What unites these cases—Italy’s referendums, Hungary’s judicial battles, the protests in Serbia and Slovakia, and California’s violence—is a left-wing playbook that doesn’t just bypass the rules of electoral democracy. If openly breaks them. Referendums are weaponised to entangle governments. Courts, sanctions, and threats are used to punish ideological foes. Protests aim to destabilise inconvenient governments rather than empower the people. If it strikes you as desperate, it should. But don’t underestimate the power or viciousness of a cornered beast—and, today, that is exactly how globalists on both sides of the pond are feeling.

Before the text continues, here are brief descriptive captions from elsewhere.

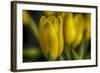 GS-Yellow Tulips_030-Gordon Semmens-Framed Giclee Print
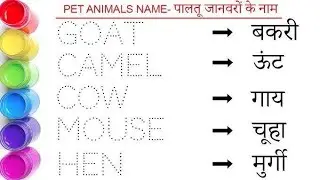 Pet Animals name in english hindi || पालतू जानवर के नाम || wild animals name || जंगली जानवर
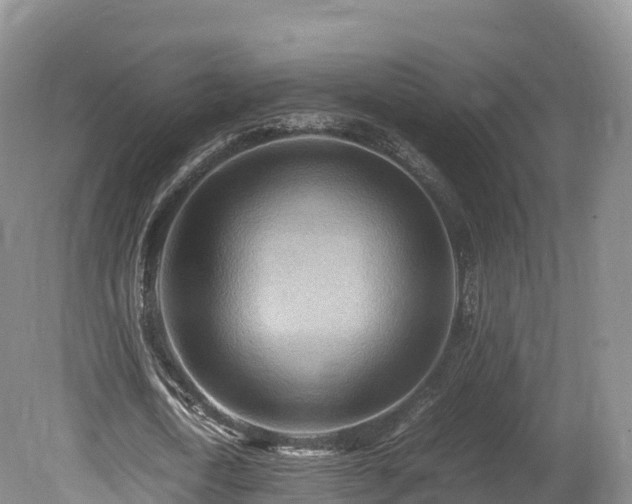 X0000080680722200612221142
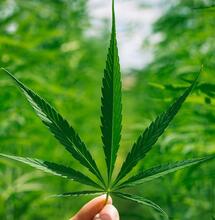 what is the cannabis experiment?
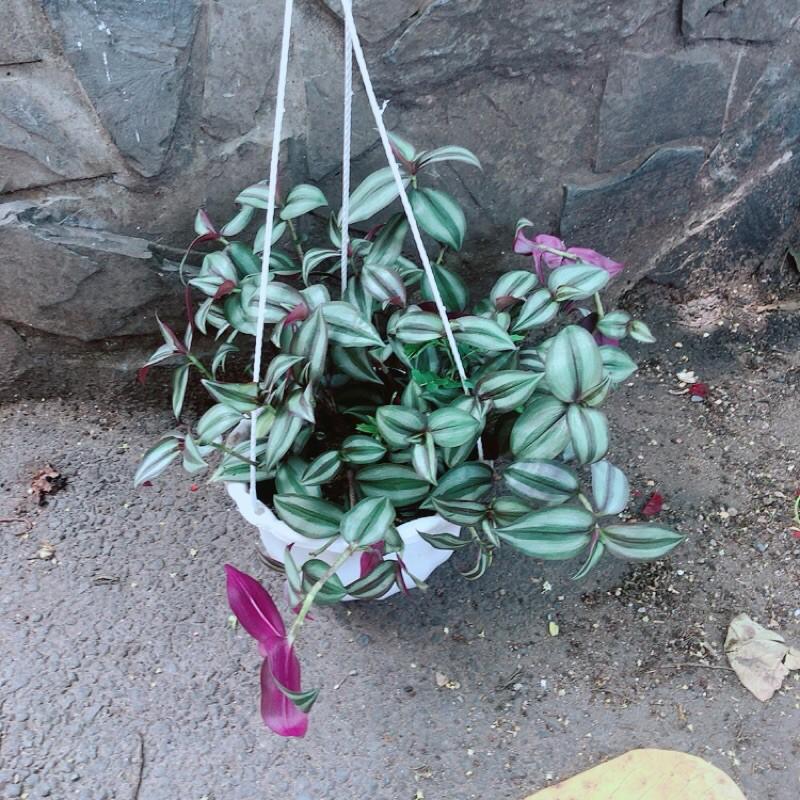 Chậu Cây Thài Lài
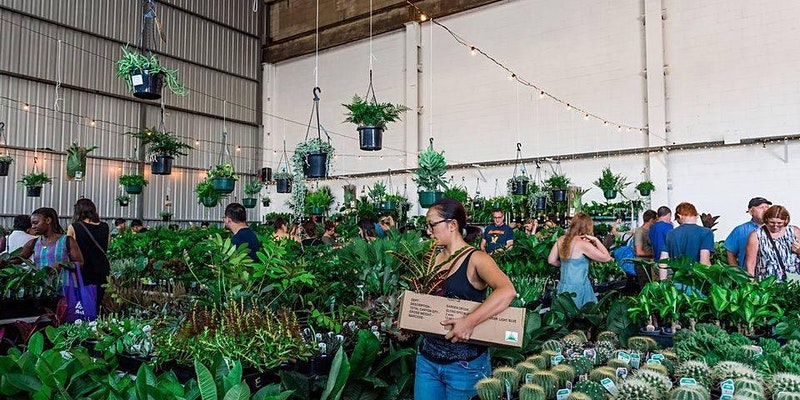 Indoor plant sale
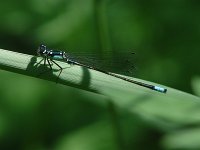 Pacific Forktail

Still, conservatives shouldn’t let healthy prudence turn into pessimism. Italy’s failed referendums have strengthened Meloni and shown, in clearer terms than ever, that the Italian people does stand solidly behind its Prime Minister and her platform of reaffirmed national sovereignty, love of country, controlled immigration, and sensible economic reform. EU meddling in Hungary and Serbia has failed; in both cases, the people saw through the ruse. In Georgia, Europhile, Brussels-sponsored hooligans attempted a coup d’état against the patriotic government of Prime Minister Irakli Kobakhidze, but Kobakhidze held his ground and won in the end. In the US, violent protest will not break Trump; rather, it will prove to moderates that left-wing radicalism and mass immigration need to be dealt with head-on. Globalism’s turn to instrumentalised chaos has, in some cases, worked in the past. But so it has recently failed almost everywhere it has been tried. Most times, it has been self-defeating. Those who care for democracy and the welfare of their nations must therefore be vigilant—and never give an inch.